Она наполнила отцовский и свой бокалы красным вином, а мой — апельсиновым соком. И провозгласила тост за маму, «прекрасней которой она никого на свете не повстречала». Я потянулась к ним, чтобы чокнуться, так как видала, что, провозгласив тост, взрослые так делают. Но отец с той же строгостью остановил меня. И я узнала, что за ушедших из жизни пьют, не чокаясь.
В тот вечер я вообще узнала для себя бездну нового: Катя стала негромко, иногда срывающимся голосом, рассказывать о маме, с которой я, к несчастью, никогда, даже на минуту единую, не увиделась.

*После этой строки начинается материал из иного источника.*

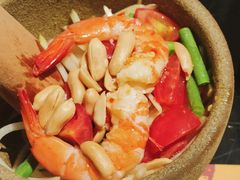 -simply thai天泰(静安嘉里中心店)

Правда, Катя все три с половиной года помогала отцу: возвращаясь с работы, опекала меня, была трогательно заботливой няней. Когда я начинала капризничать, она неизменно ставила мне в пример маму. Если ли же я, как ни старалась во что-нибудь вникнуть, никак не вникала, Катя, с учетом моего возраста, всё терпеливо растолковывала. Но столь подробные и многочисленные истории из маминого бытия, как в тот вечер я, конечно, слыхала впервые. И чем менее понимала, тем солиднее в присутствии отца делала вид, что мне всё ясно.
Отец впервые при мне то и дело прикладывал к глазам салфетку. А если салфетка не помогала, скрывался на короткое время в своём кабинете.
Катя же не переставала мамою восхищаться. И не потому, что отцу и да и мне, в мои три с половиной года, требовалось это услышать, а потому, что мама заслуживала восхищения. И еще отец с Катей просили у мамы прощения. «За то, что отпустили её…», — так сказала мне Катя. Одна я не просила. А ведь если б не я…
Ни разу, повторюсь, не посчастливилось мне пообщаться с мамой, — и я в Катины воспоминанья впивалась.